Alexander said, ”I am sorry. I can understand your point, but I cannot go
back. I have to conquer the world; without conquering it I cannot rest.
Excuse me. And you are right, I concede it.” And the same happened with
Bahramshah. He was sad, ashamed, shy. But he said, ”Excuse me, I have to go,
I cannot go back. India has to be conquered. I will not be able to rest or
sit silently until I have conquered India.”
Then a toast was called ”To the blindness of Hakim Sanai” – because he was
the next most important person with Bahramshah. He was his adviser, his
counsellor, his poet. He was the wisest man in his court, and his fame had
penetrated into other lands too. He was already an accomplished poet; a
great, well-known wise man. Then a toast was called ”to the blindness of
Hakim Sanai,” which must have given the great poet a considerable jolt.
There were even stronger objections to this on the grounds of Sanai’s
excellent reputation, his wisdom, his character.

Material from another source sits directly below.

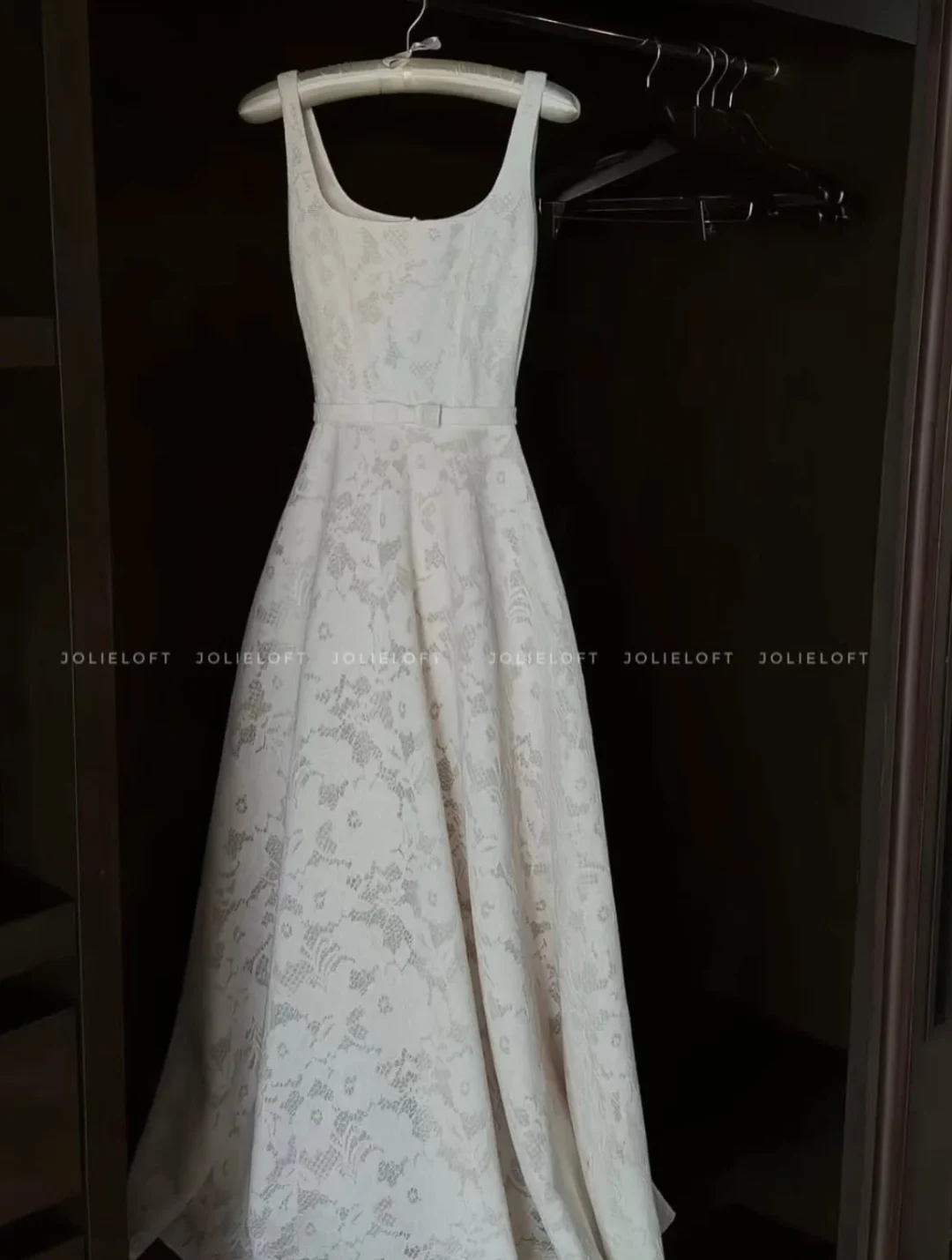 Photo 7 of Đầm ren maxi trắng nữ Jolie Loft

He was a man of character, a very virtuous man, very religious. Nobody could
have found any flaw in his life. He had lived a very very conscious life, at
least in his own eyes. He was a man of conscience. More objections were
raised. Because maybe the Sultan was blind, he was greedy, he had great
lust, he had great desire to possess things, but that could not be said
about Hakim Sanai. He had lived the life of a poor man, even though he had
been in the court. Even though he was the most respected man in Bahramshah’s
court, he had lived like a poor man – simple, humble, and of great wisdom
But Lai-Khur countered that the toast was even more apt, since Sanai seemed
unaware of the purpose for which he had been created; and when he was
shortly brought before his maker and asked what he had to show for himself
he would only be able to produce some stupid eulogies to foolish kings, mere
mortals like himself. Lai-Khur said that it was even more apt because much
more is to be expected from Hakim Sanai than from Sultan Bahramshah. He has
a greater potential and he is wasting it, wasting it in making eulogies for
He will not be able to face his God; he will be in difficulty, he will not
be able to answer for himself. All that he will be able to produce will be
this poetry, written in praise of foolish kings like this blind man,
Bahramshah. He is more blind, utterly blind. And listening to these words
and looking into the eyes of that madman, Lai-Khur, something
incredible happened to Hakim Sanai: a satori, a sudden enlightening
experience. Something died in him immediately, instantly. And something was
born, something utterly new.
In a single moment, the transformation had happened.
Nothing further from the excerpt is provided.